Looking at my shelves lined with books, I know where some of them are from, but not all. The newer purchases have no tangible memory with them. Oh, I know a bit about my life or my interests at the time; the subject matter prompts that memory. But there’s not the sense of choosing the book, of weighing it against another, of the particular shelf I pulled it from.

Some of the books have echoes of where they were first read, rather than bought, of when they came into my life. I can even pick out the books from Dover, the Book of the Month Club, Quality Paperback Bookclub, the Science Fiction Book Club — they have the same weightlessness that comes from looking at a catalog, but still do have a memory of their origin.

Camber of Culdi, et seq., came from the Little Professor after a day at the park. I was 10 or 11. I was glued to their one bookcase of science fiction and fantasy novels. Each visit there began the same way, and sometimes ended pleasantly.

Before leaving St. John’s College at the end of my year there, I bought The Hero with a Thousand Faces to take home with me. I’d been lusting after it for two semesters, but there were always other things to spend money on, like comics.

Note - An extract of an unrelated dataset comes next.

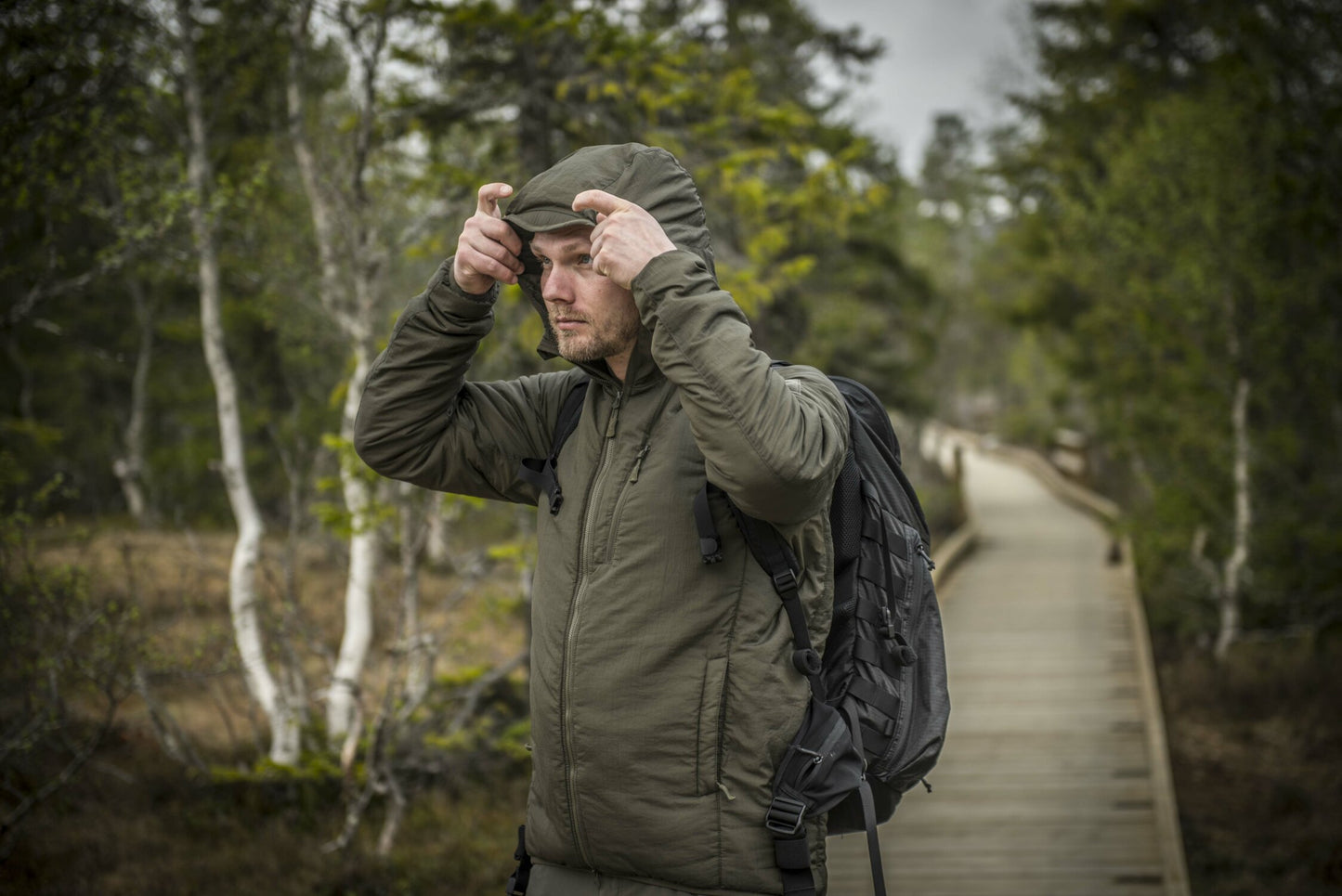 Veste Helikon-Tex Wolfhound Hoodie Reversible - Climashield®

Having my parents’ wallet that day helped.

Dad visited Union Theological Seminary in Richmond, Va., one fine summer’s day, I think to use the library. I accompanied him. I found and borrowed Satan: The Early Christian Tradition, and purchased it later. The other volumes in Jeffrey Burton Russell’s series haven’t made it to my collection, yet; I enjoyed them from the library at Hampden-Sydney College.

I took the bus from Yorktown Heights to Times Square, then walked down Seventh Ave. to the Chemical Bank back office on W. 33rd St. I habitually cut through the Barnes & Noble across from Penn Station. If I had time, I stopped. I picked up Robert Jordan’s The Eye of the World, read it on the bus, and went on to the next the following day. One disadvantage of reading a long series all at once is noticing when the author uses the same description of a character every time.

One day on my lunch break at The Associated Press, shortly after installing Slackware Linux on a spare desktop, I browsed through the McGraw-Hill Bookstore, as I usually did at lunch, and picked up Learning the Unix Operating System and Essential System Administration. Thus began my infatuation with books published by O’Reilly.

It’s as if the act of choosing fixed the time and place, made the purchase more intense, though it may only seem this way because I was younger, before an increase in disposable income and Amazon let me fulfill my instant desires. Perhaps, also, it’s that many of these unremembered books have only been purchased; they have not been read. I have not spent time enough to become their friend.

Maybe I could live without the reminders. We do not all have Hermione Granger’s time-turner, and must carefully attend to what we have.